Defendants claim in their Motion that Plaintiffs have failed to state various claims under Texas law. See generally Dkt. #10 at 3-13. Plaintiffs contend California law governs based on agreements between the parties. Dkt. #11 at 3. Defendants argue Texas law governs the tort claims and California law governs the contract claims. Dkt. #14 at 3. The court must determine which state law governs Plaintiffs' claims.

A federal court sitting in diversity applies the choice-of-law rules of the forum state. See Klaxon Co. v. Stentor Elec. Mfg. Co., 313 U.S. 487, 496 (1941). Texas has adopted the Restatement (Second) of Conflicts approach to contractual choice-of-law provisions. See DeSantis v. Wackenhut Corp., 793 S.W.2d 670, 677-78 (Tex. 1990). Under Texas law, the parties' choice-of-law will be enforced unless the chosen law has no substantial relationship to the parties or the transaction or unless application of the law chosen would be contrary to a fundamental policy of a state that has a materially greater interest than the chosen state in the determination of a particular issue. See Lemmon v. United Waste Sys., 958 S.W.2d 493, 498-99 (Tex. App-Fort Worth 1997, pet. denied).

All of the agreements between the parties at issue contain the following provision: “This Agreement shall be governed by the law of the State of California.” Dkt. #8-1 ¶ 15; Dkt. #8-2 ¶ 6(d); Dkt. #8-3 ¶ 16.

The choice-of-law clause specifically refers to “This Agreement,” which indicates the parties intended to restrict the clause to the interpretation or construction of the agreement itself. Tex. Taco Cabana, Ltd. v. Taco Cabana of N.M., Inc., 304 F.Supp.2d 903, 908 (W.D. Tex. 2003) (citing America's Favorite Chicken Co. v. Cajun Enterprises, Inc., 130 F.3d 180, 182 (5th Cir. 1997)). Thus, the agreements' choice-of-law clauses are narrow and do not address the whole of the parties' relationship. The choice-of-law clause does not address the general rights and liabilities of the parties, so this court must apply Texas choice-of-law rules to determine which law applies to the tort claims set forth in the Amended Complaint. See Caton v. Leach Corp., 896 F.2d 939, 943 (5th Cir. 1990).

Where the parties have not agreed to the application of law to a particular issue, Texas applies the “most significant relationship” test as enunciated in the Restatement (Second) of Conflicts. See Gutierrez v. Collins, 583 S.W.2d 312, 318 (Tex. 1979). Section 145 states:

(1) The rights and liabilities of the parties with respect to an issue in tort are determined by the local law of the state which, with respect to that issue, has the most significant relationship to the occurrence and the parties under the principles stated in § 6.
(2) Contacts to be taken into account in applying the principles of § 6 to determine the law applicable to an issue include:
(a) the place where the injury occurred,
(b) the place where the conduct causing the injury occurred,
(c) the domicil, residence, nationality, place of incorporation and place of business of the parties, and
(d) the place where the relationship, if any, between the parties is centered.
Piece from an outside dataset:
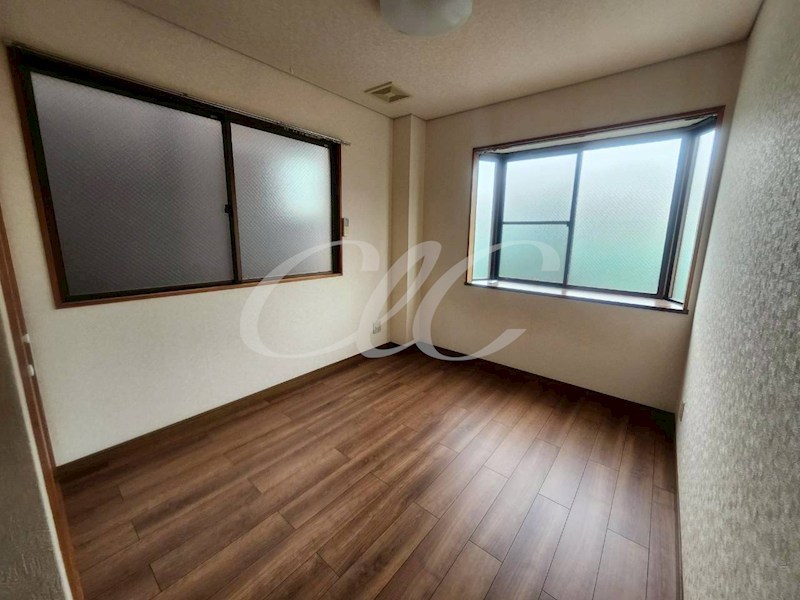 岩本ハイツ ベッドルーム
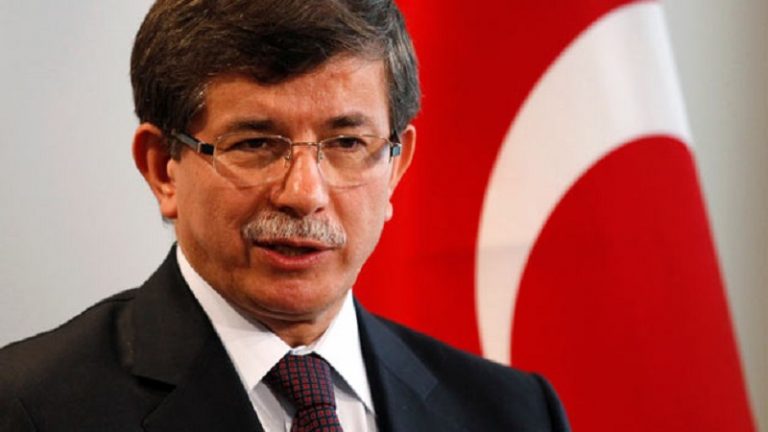 Ankara bombázná a terroristákat, de Moszkva zavarja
Restatement (Second) of Conflicts § 145 (Am. Law Inst. 1971). This court must evaluate these contacts according to their relative importance with respect to the particular issue. Id.

Plaintiffs' claims for malicious prosecution (cause #1) and abuse of process (causes #2 and #3) arise out of lawsuits filed by Defendants in Texas-the 1247 Action and the 1255 Action. Dkt. #8 at 20, 22.

The Plaintiffs are a California corporation and a California limited liability company; none of the LLC's members are Texas citizens. Id. at 2-3. Defendants are two limited liability companies with their principal places of business in Austin, Texas. Id. at 3. Noble Capital Fund Management is a wholly owned subsidiary of Noble Capital Group. Id. Neither Defendant is a citizen of California. Noble Cap. Grp. LLC v. U.S. Cap. Partners, Inc., Cause No. 1:19-cv-1255-LY (W.D. Tex. Dec. 27, 2019).

Taken together, these contacts indicate Texas law applies to the tort claims because the conduct that caused the alleged injuries occurred in Texas and the relationship between the parties is centered in Texas.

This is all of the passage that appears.